My task here was a research project on employees of this corporation from the 1980s and 1990s. All that remained of the database of employees from this period are six CSV files.
I designed tables to hold data in the CSVs, imported the CSVs into a SQL database, and queried the data using Python/Pandas/Jupyter Notebook.
After inspecting the CSVs, I sketched out an entity relationship diagram (ERD) of the tables
Using the ERD, I created a table schema for each of the CSV files. I specified data types, primary keys, foreign keys, and other constraints. I then imported each CSV file into its corresponding SQL table.
The following are a sample of the queries run:
- Listing the employee number, last name, first name, gender, and salary of each employee
- Listing the manager of each department with specific information
- Listing all employees in Sales, including their employee number, last name, first name, and department name
- In descending order, listing the frequency count of employee last names
I imported the SQL database into Pandas.

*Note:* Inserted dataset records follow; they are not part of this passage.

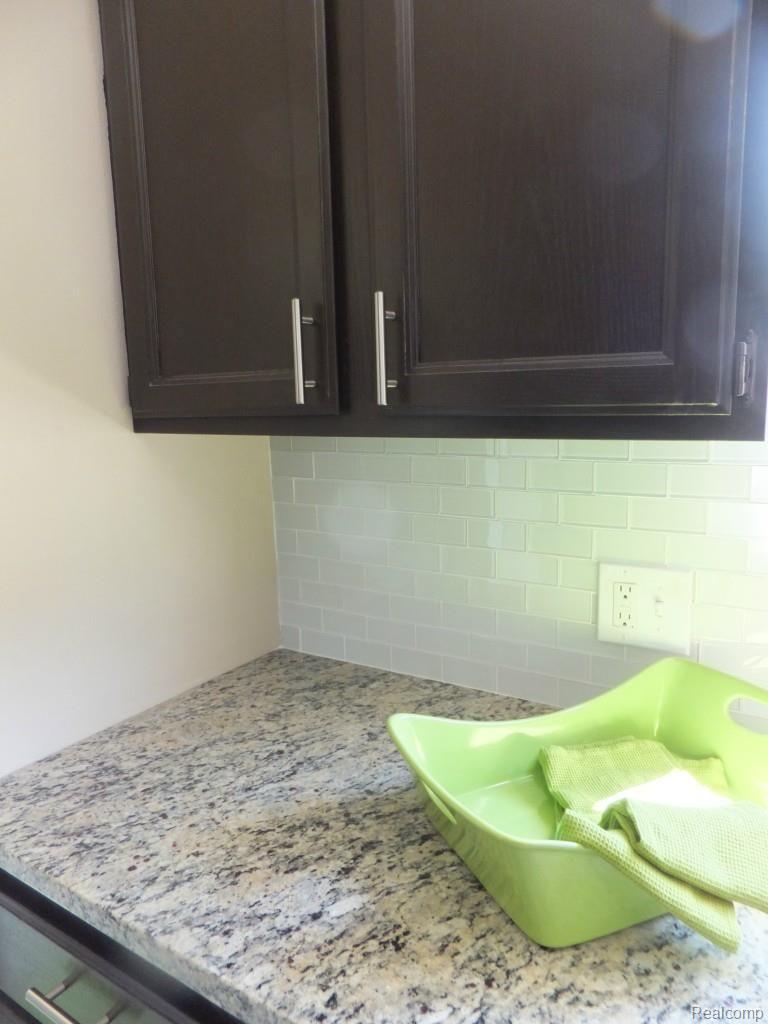 30232 Hayes Road Roseville, MI 48066 - Photo 15 of 88 2014-07-11 001 2014-07-11 066.jpg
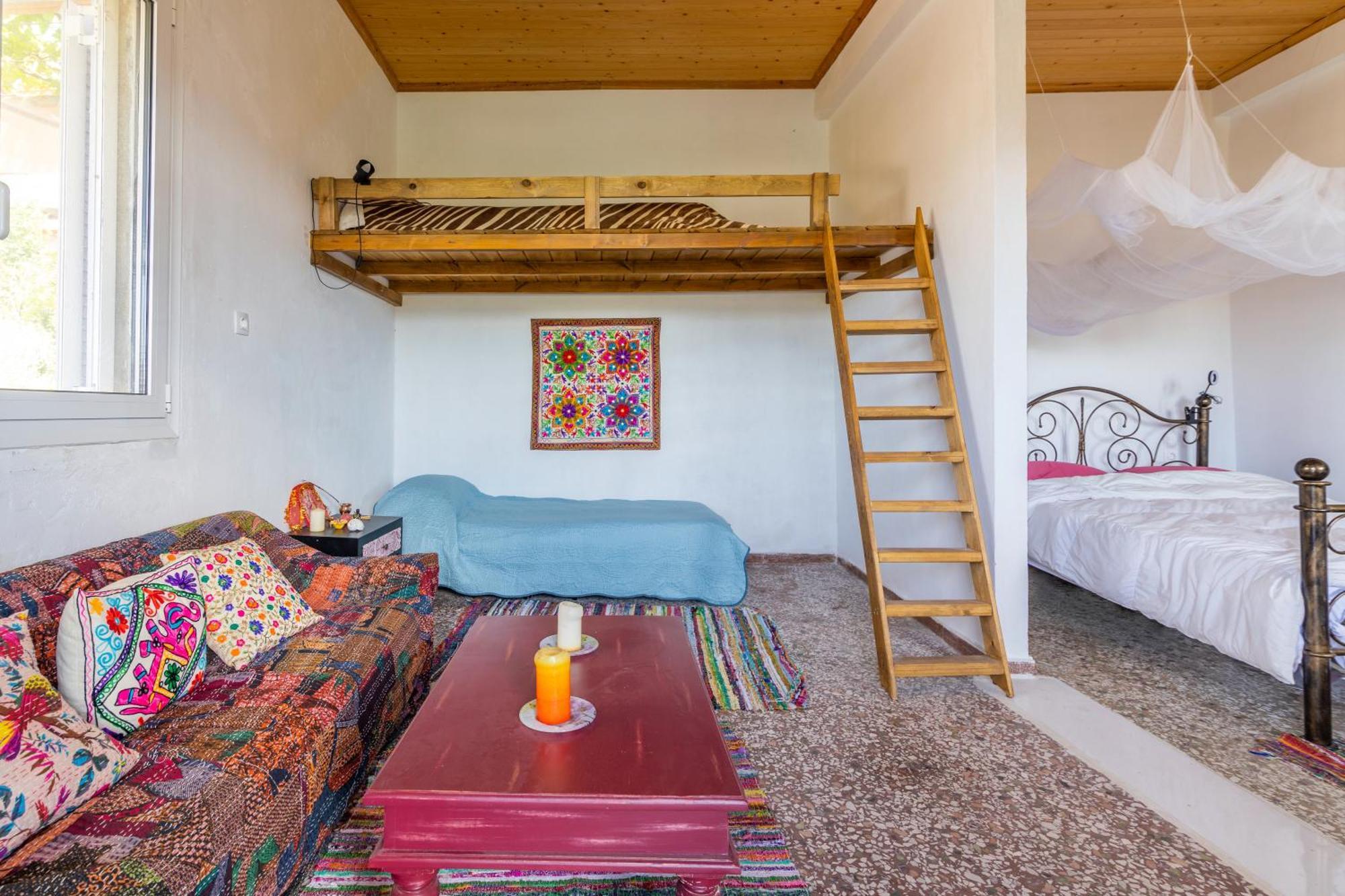 La Maison Bleue Zarós Extérieur photo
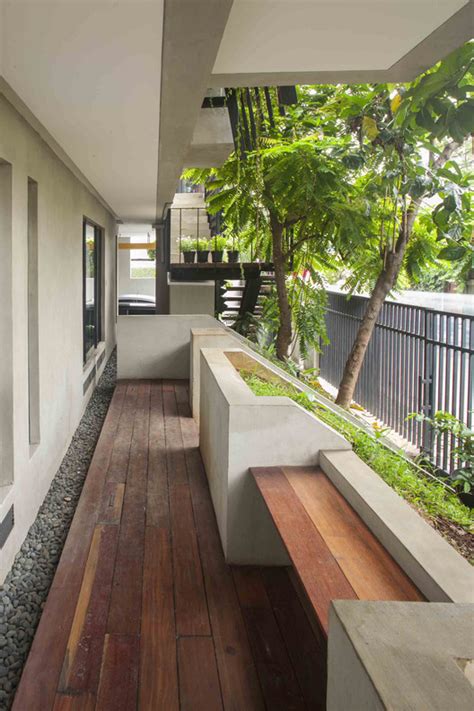 Gallery of Veranda House / sigit.kusumawijaya - 27 - ArchDaily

Using the Python SQL toolkit and Object Relational Mapper "SQLAlchemy", I used the create_engine
function to interact directly with the database using Jupyter Notebook.
I used SELECT
statements to call in the "salaries" and "titles" tables from the SQL database,
then combined the dataframes in order to better aggregate the data.
I then found the mean salary of each job title,
before using the Python plotting library Matplotlib
to create a bar graph visualization.